Saint-Pol – Un salon consacré à la prévention du risque inondation, ça vous botte ?

En France, le risque d’inondation est le premier risque naturel par l’importance des dommages qu’il provoque, le nombre de communes concernées, l’étendue des zones inondables et les populations résidant dans ces zones : un Français sur quatre est concerné. Dans le Nord-Pas-de-Calais, deux tiers des communes ont fait l’objet d’un arrêté de catastrophe naturelle suite aux inondations au cours des trente dernières années. Et avec le changement climatique, ça ne va pas s’arranger : « On se dirige vers des chocs climatiques de plus en plus dur et de plus en plus longs, pour les inondations, mais aussi les sécheresses. Les habitants de notre bassin doivent savoir que tôt ou tard, ils seront exposés. Le risque zéro n’existe pas, indépendamment de tous les moyens qu’on pourra investir », prévient Grégoire Jacquesson, responsable du pôle gestion des risques du Syndicat mixte Canche et Authie – Symcéa.
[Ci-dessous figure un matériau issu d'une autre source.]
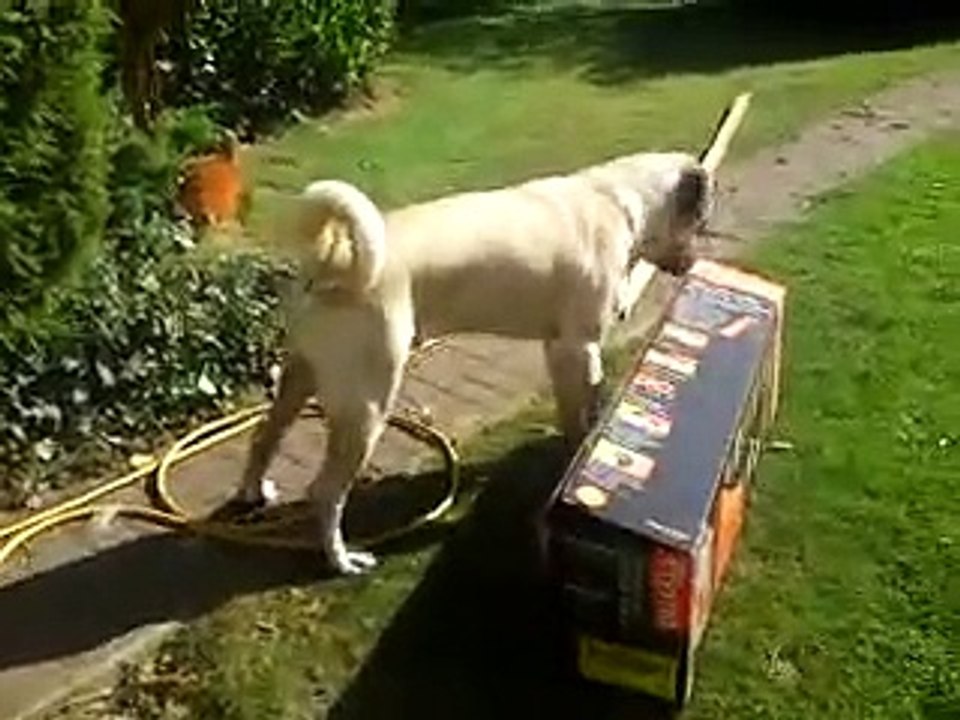 American Akita x English Mastiff Vs Cardboard Box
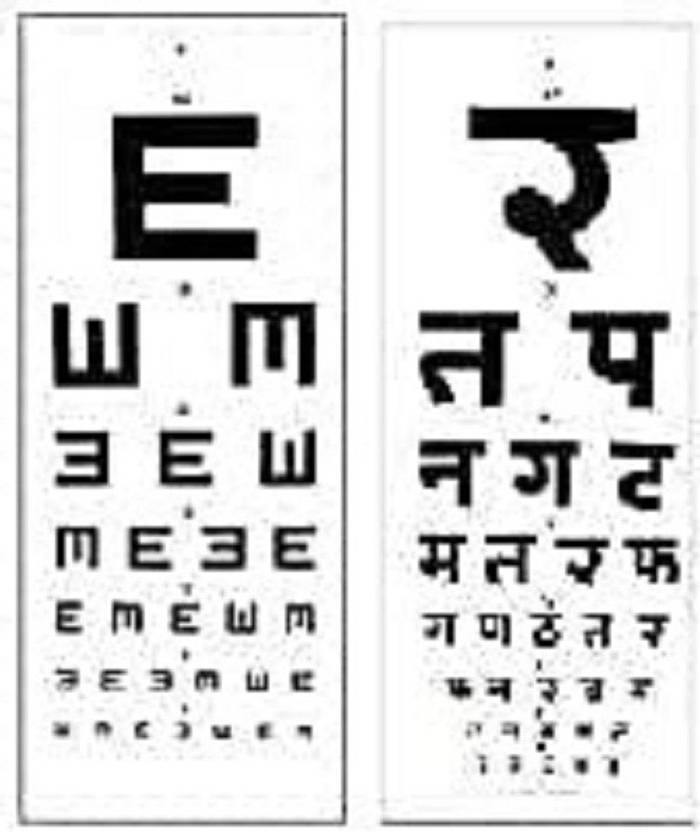 Eyevision english & hindi eye test chart Vision Test Chart Price in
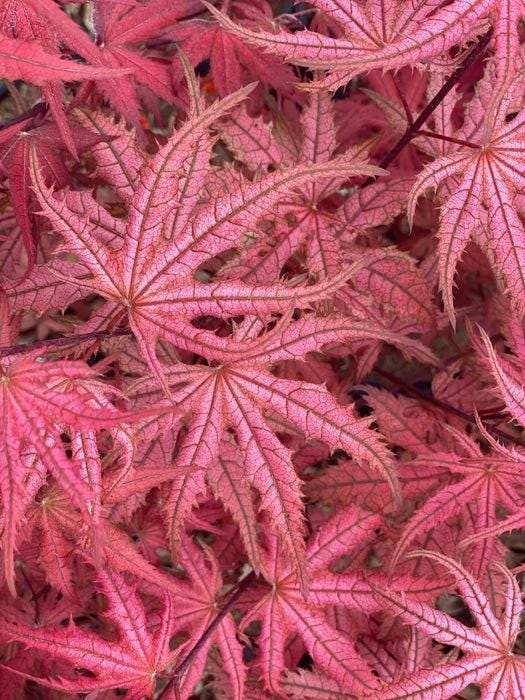 Celebration Rare Pink Variegated Japanese Maple Acer Palmatum Tree - Live Plant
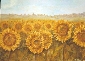 Girasoli (olio su tela, 50x70)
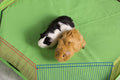 Prevue Pet Products Playpen Cover, Protects Floors & Carpets - Green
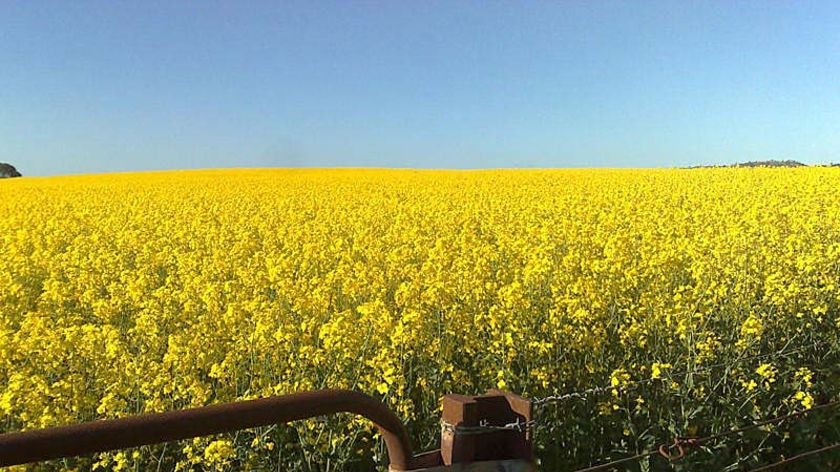 Canola crop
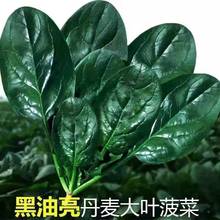 ڈA~˷NӺ~͟ͺļ߲˷N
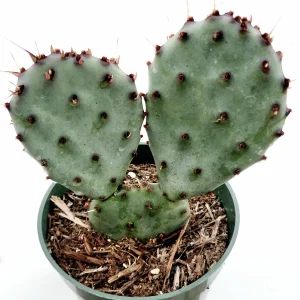 Santa Rita Purple Prickly Pear Cactus Live Plant - Opuntia Santa Rita Succulent - Image 3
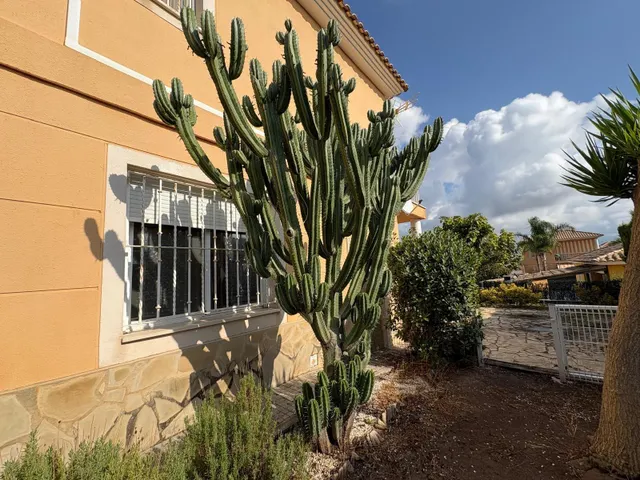 Chalet independiente en Urbanización Vall de Lliria — 21
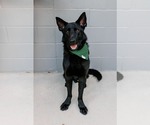 Small #1 German Shepherd Dog Mix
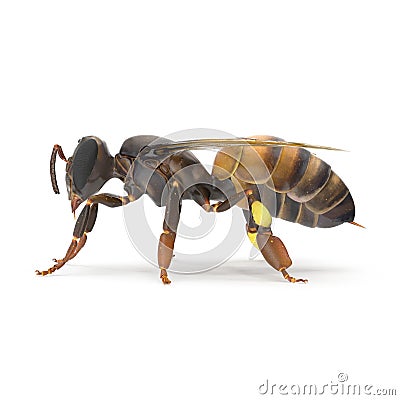 Insect honey bee isolated on white. Side view. 3D illustration Cartoon Illustration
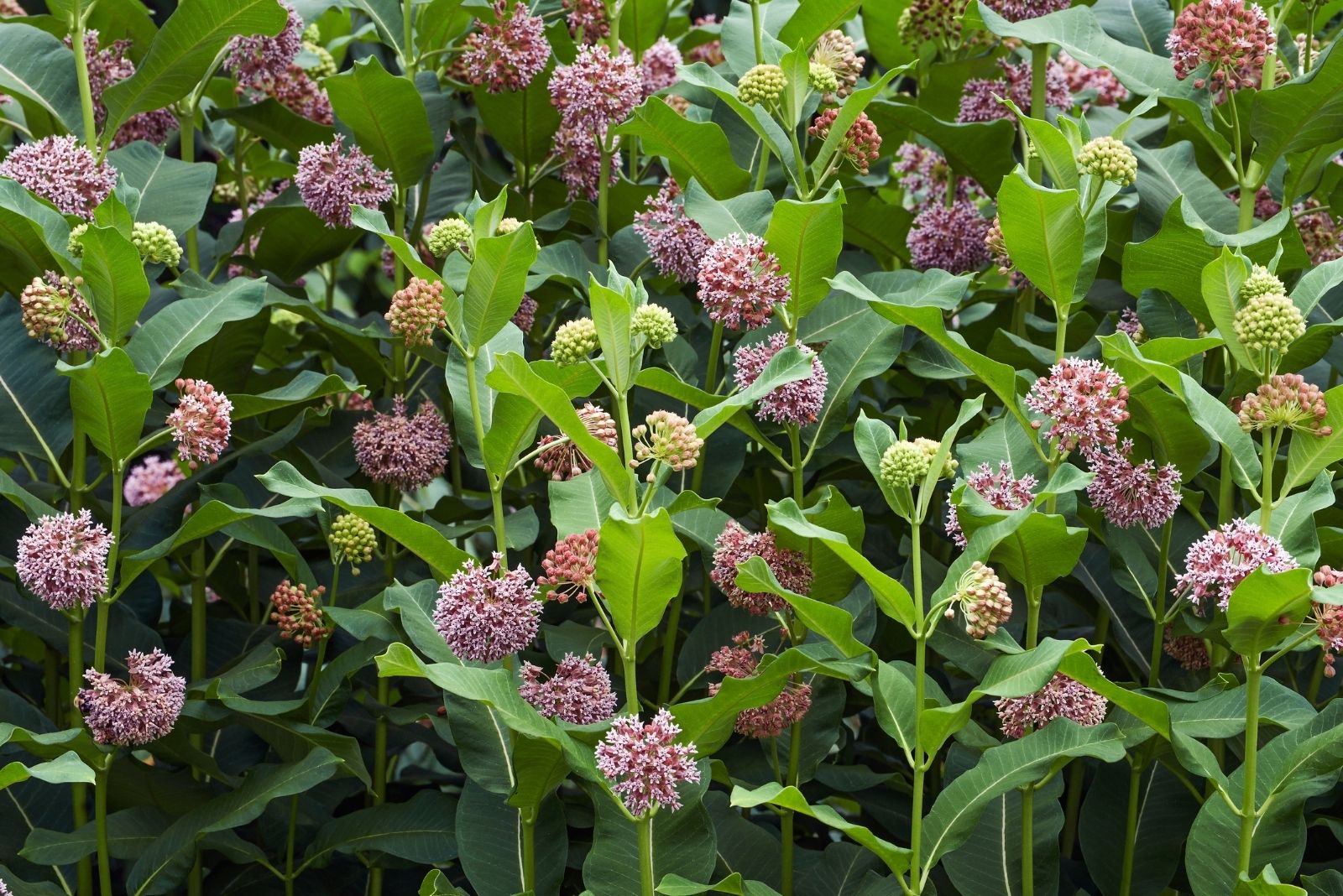 Common milkweed flowers.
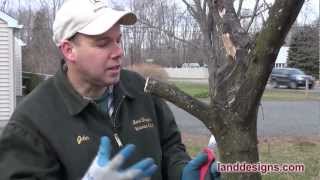 How to Prune Not Kill Trees and Shrubs [upl. by Reni722]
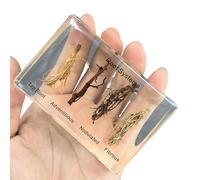 FHUILIJH Spécimen de Racine de Plante - Modèle éducatif Spécimen de Plante - pour l'affichage pédagogique cognitif de la Maternelle pour Enfants,Clear,8cm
Ce n’est certes pas rassurant, mais plutôt que de faire l’autruche (imaginez ce que ça donnerait en cas d’inondation !), il faut savoir comment réagir : « C’est quand on n’est pas préparé que l’impact est le plus fort, souligne Grégoire Jacquesson. Il ne s’agit pas de vivre dans la peur, mais de savoir comment réagir, ce qu’il faut faire et ne pas faire. » Alors, pour développer cette nécessaire “culture du risque”, le Symcéa organise pour la troisième année “Canche et résilience : le salon de l’inondation et des solutions”. Après une première édition à Hesdin, une deuxième à Montreuil (suite aux événement de fin 2023 et début 2024), c’est à Saint-Pol-sur-Ternoise que se dérouleront deux journées de sensibilisation et d’éducation autour de la gestion du risque et des inondations, en partenariat avec TernoisCom, territoire également très exposé : « TernoisCom est soumis à l’érosion, au ruissellement et aux coulées de boue », souligne Valérie Chérigié, directrice du Symcéa, qui se félicite du partenariat engagé entre sa structure et la communauté de communes : « Nous avons de plus en plus de partenaires qui se mobilisent pour le salon Canche et Résilience. On a uni nos efforts pour que ce soit une réussite. On essaie de créer les conditions pour réunir un maximum d’acteurs : c’est une bonne occasion pour tous de faire une mise à jour de nos connaissances. »

En effet, la première journée sera consacrée aux scolaires – citoyens de demain, aux élus et aux techniciens impliqués dans la prévention et la gestion des inondations. La seconde, le samedi 11 octobre, sera ouverte au grand public avec une programme très dense (voir ci-dessous) et pensé pour toucher petits et grands, de façon ludique et légère malgré tout le sérieux du sujet. « Les habitants sont les premiers acteurs de leur sécurité et doivent savoir ce qu’ils peuvent faire ou non lors d’inondations. Une personne qui ne respecte pas les règles essentielles peut mobiliser les secours inutilement et même les désorganiser. Par exemple, il faut éviter tout déplacement : il peut suffire de trente centimètres d’eau pour emporter une voiture. Et avec le ruissellement, on peut atteindre des vitesses torrentielles ! Il est donc important que les habitants s’informent pour qu’ils puissent agit en conséquence », résume Grégoire Jacquesson, approuvé par Dominique Coquet, vice-président du Symcéa et de TernoisCom : « Il est important de sensibiliser les habitants à la culture du risque, qu’ils sachent quoi faire en cas d’événement. Les communes doivent également s’engager, travailler en amont, au travers notamment des plans communaux de sauvegarde. Les travaux peuvent permettre de gérer certains événements climatiques, mais ne peuvent pas tout traiter en cas de gros orages par exemple. »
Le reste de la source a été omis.